Question

Show that the rotational kinetic energy of a ball rolling without slipping over a horizontal plane is 2/7th of its total kinetic energ

Answer 1

Rolling KE =  KEr = 1/2 I (V / R)^2   where (V / R) = angular velocity

KEr = 1/2 * (2/5 M R^2) * (V / R)^2 = 1/5 M V^2

Translational KE = KEt = 1/2 M V^2

Total KE = KEt + KEr = (1/2 + 1/5) * M V^2 = 7/10 M V^2

1/5 M V^2 / (7/10 M V^2) = (1/5 ) / (7/10) = 10 / 35 = 2 / 7

Answer 2

Explanation:

The Rotational Kinetic energy $(KE_{r} )$ of an object is the energy possessed by an object with respect to the angular velocity of the object. It is given,

$KE_{r} =\frac{1}{2}Iw^{2}$

Where, $I$ is the moment of inertia and ω is the angular velocity of the object.

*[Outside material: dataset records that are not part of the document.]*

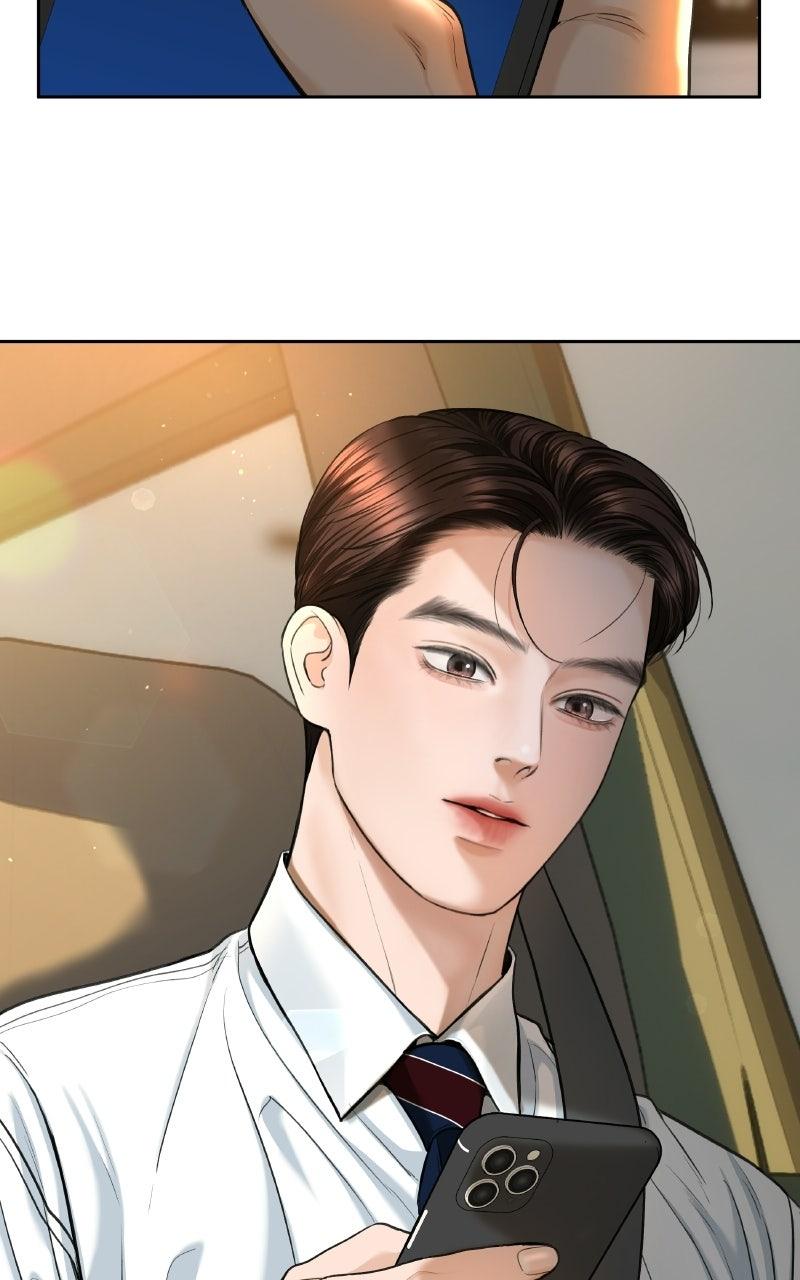 I'll Give You the Most Rotten One Chap 70 - Next Chap 71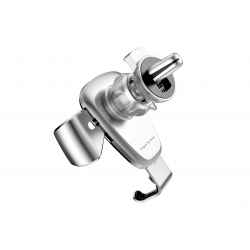 Gravity Car Mount SUYL-B0S Gravity Car Mount SUYL-B0S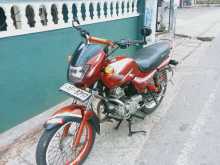 https://riyasewana.com/uploads/bajaj-ct-100-221113544702.jpg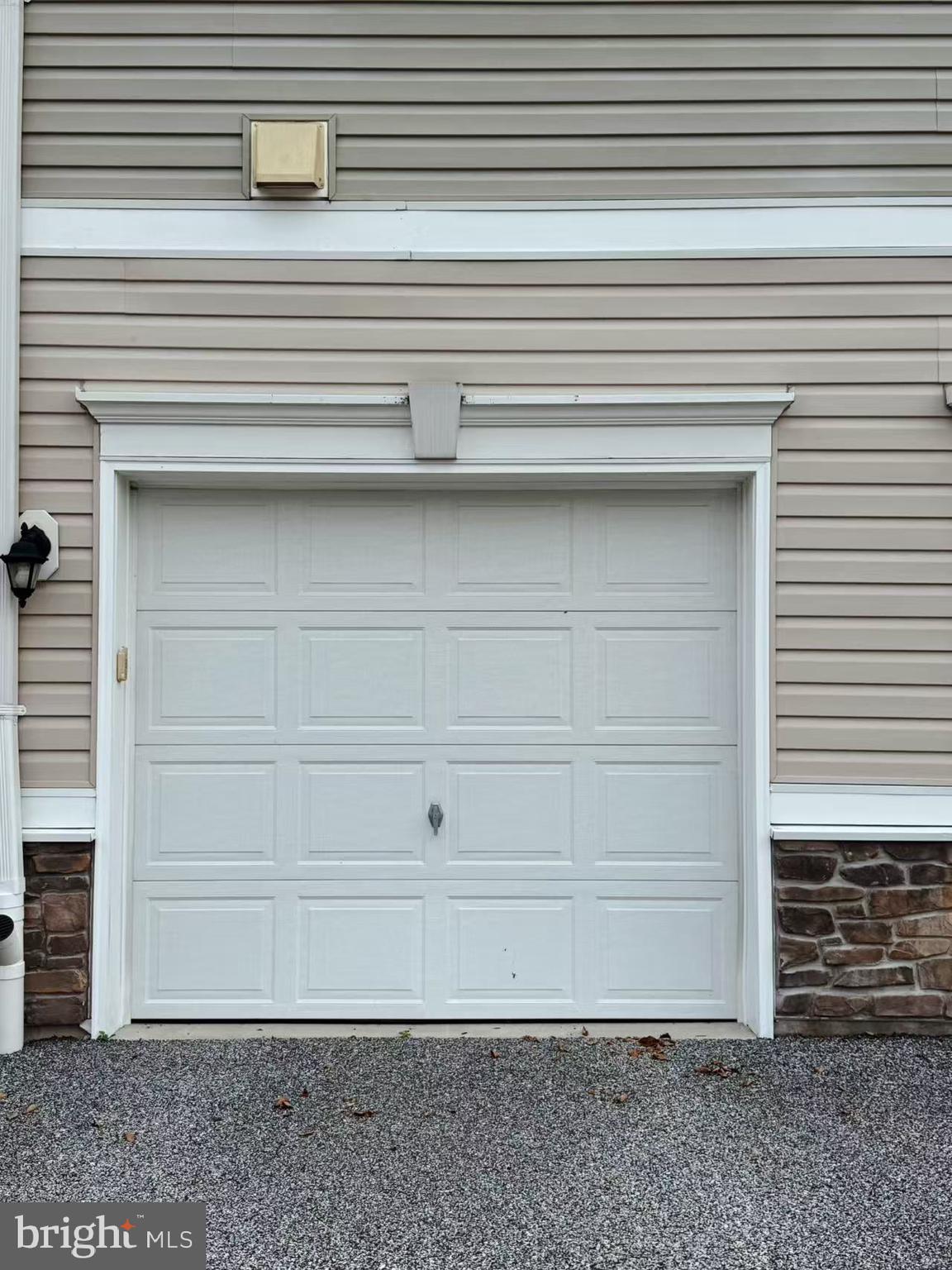 HIGHLANDS AT QUARRY LAKE - Residential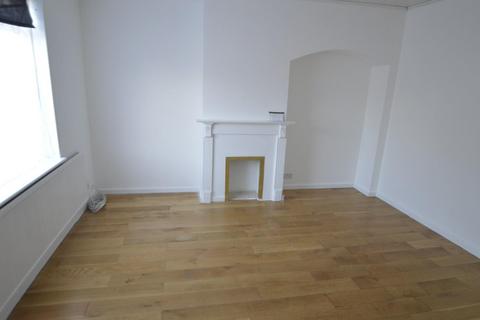 2 bedroom terraced house to rent, Harrison Road, Dagenham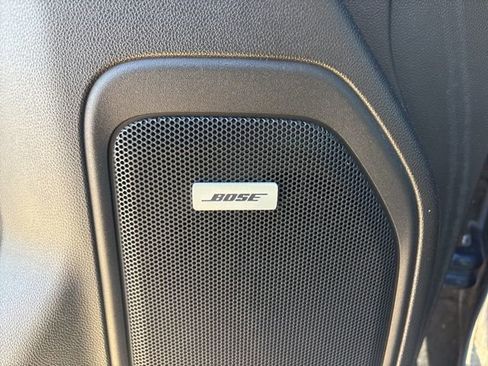 Used 2020 Chevrolet Silverado 1500 RST w/ All-Star Edition AWD/4WD image 29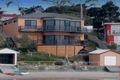 Property photo of 50 Spitfarm Road Opossum Bay TAS 7023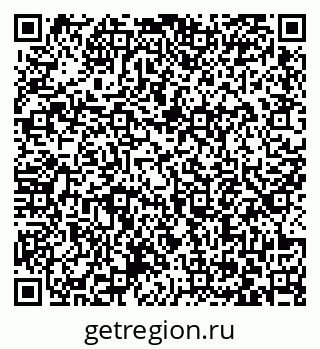 79063375375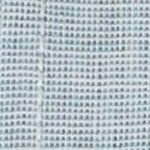 Hemd Freizeit 1/2 Arm B.d. (954457100)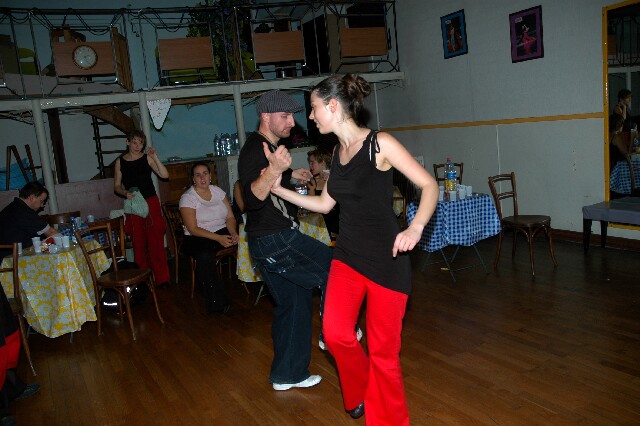 min 2005 09 23 good 178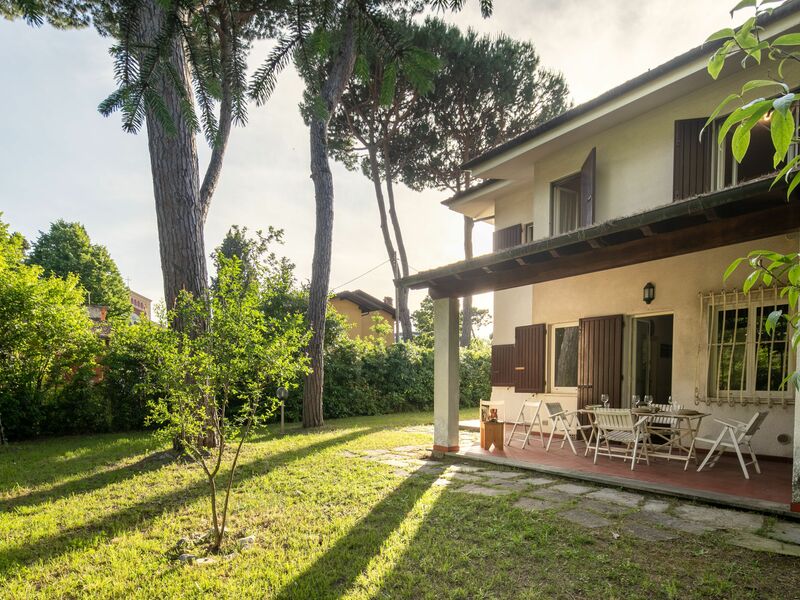 Appartamenti Del Forte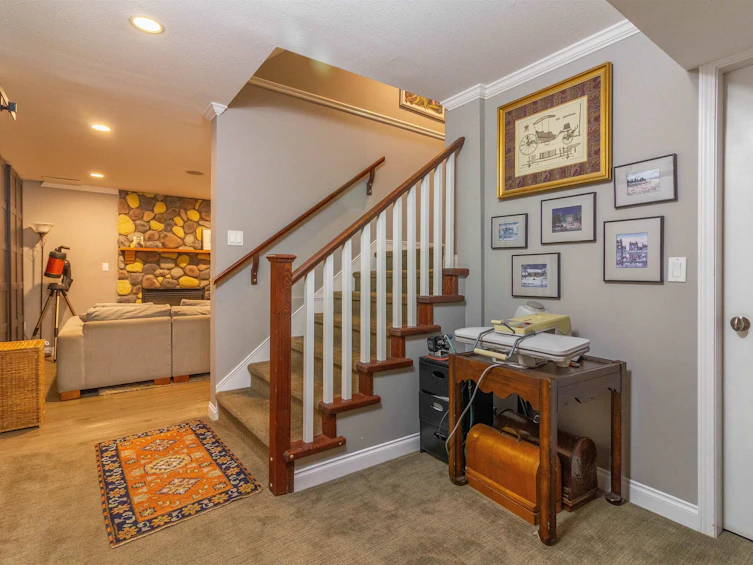 358 E 14th Street, North Vancouver, BC, V7L 2N6 - 26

The linear or Translational Kinetic Energy $(KE_{t})$ of the object is the energy possessed by the object by virtue of its velocity.

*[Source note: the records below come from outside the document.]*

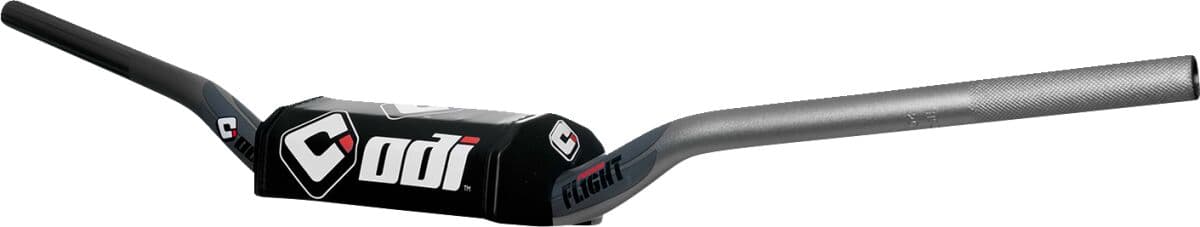 Podium Flight MX Handlebar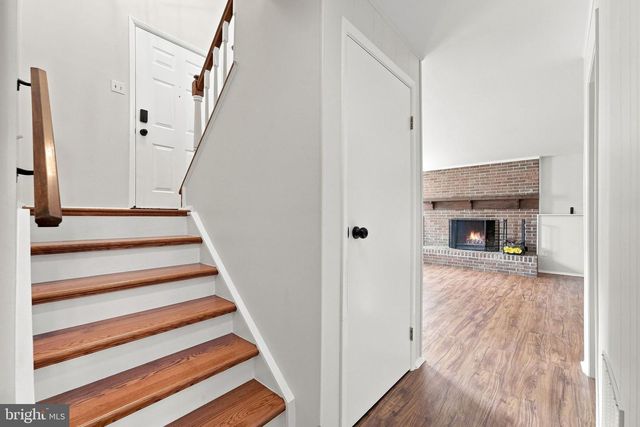 2189 JENNINGS ST, Woodbridge, VA 22191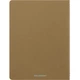 Набір блокнотів Moleskine Cahier Alice Adventures in Wonderland 3 шт 8056711513782 - изображение 6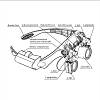 G�rsel 2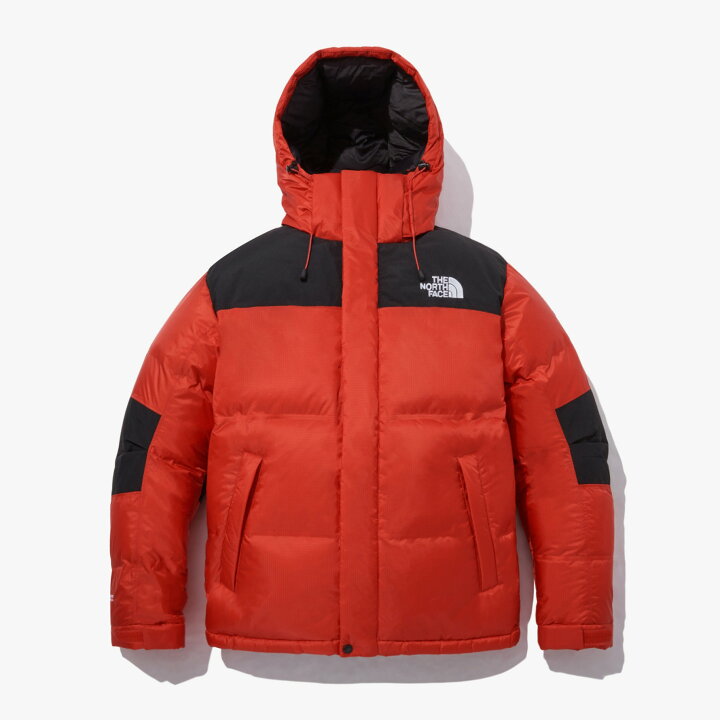 楽天市場】☆送料無料☆THE NORTH FACE☆SUMMIT PRO DOWN JACKET 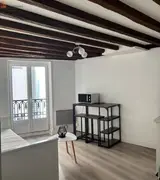 Miniature 2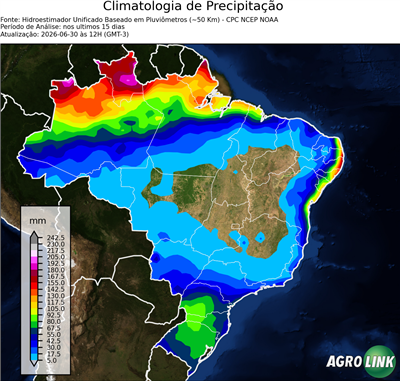 15 dias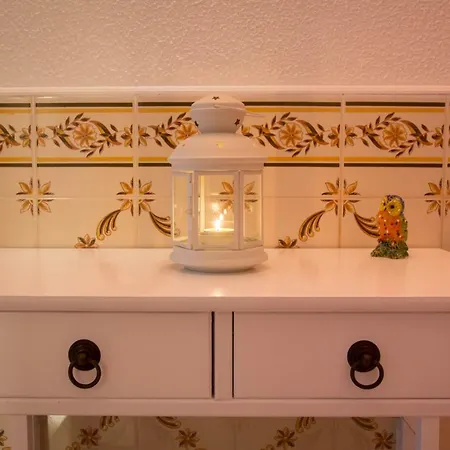 Apartamento Mira Rio דירה פורטימאו
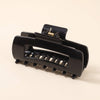 Black / 10 cm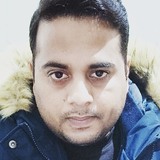 Samirasghar9W8 from Napoli | Man | 32 years old | Capricorn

$KE_{t}=\frac{1}{2}mv^{2}$

The total kinetic energy for a body rolling without slipping is the sum of Rotational as well as Translational Kinetic energy.

$KE=KE_{r} +KE_{t}$

$KE=\frac{1}{2} Iw^{2} +\frac{1}{2}mv^{2}$

Now,

According to the question, we have the object as ball,sphere, and, we know the moment of Inertia of a sphere of mass $m$ and radius $r$ is given as

$I=\frac{2}{5}mR^{2}$

and from the relation $v=R$ω, we get

ω $=\frac{v}{R}$

Hence, we get the Rotational Kinetic energy of the ball as

$KE_{r} =\frac{1}{2}(\frac{2}{5}mR^{2} )(\frac{v}{R} )^{2}$

$KE_{r}=\frac{1}{2} (\frac{2}{5}mv^{2} )$          $(i)$ $or$

$KE_{r}=\frac{1}{5}mv^{2}$              $(ii)$

Therefore,

The Total Kinetic Energy of the ball from the equation above will be

$KE=\frac{1}{2}(mv^{2} +\frac{2}{5} mv^{2} )$

$KE=\frac{1}{2}mv^{2} (1+\frac{2}{5} )$

$KE=\frac{1}{2}mv^{2} \frac{7}{5}$

$KE=\frac{7}{10}mv^{2}$

If we multiply both sides by $\frac{2}{7}$, we get

$\frac{2}{7}KE=\frac{2}{7}(\frac{7}{10}mv^{2} )$

$\frac{2}{7}KE=\frac{1}{5}mv^{2}$

We know,   from $(ii)$,  $\frac{1}{5}mv^{2}=KE_{r}$

$KE_{r}=\frac{2}{7}KE$

Hence proved.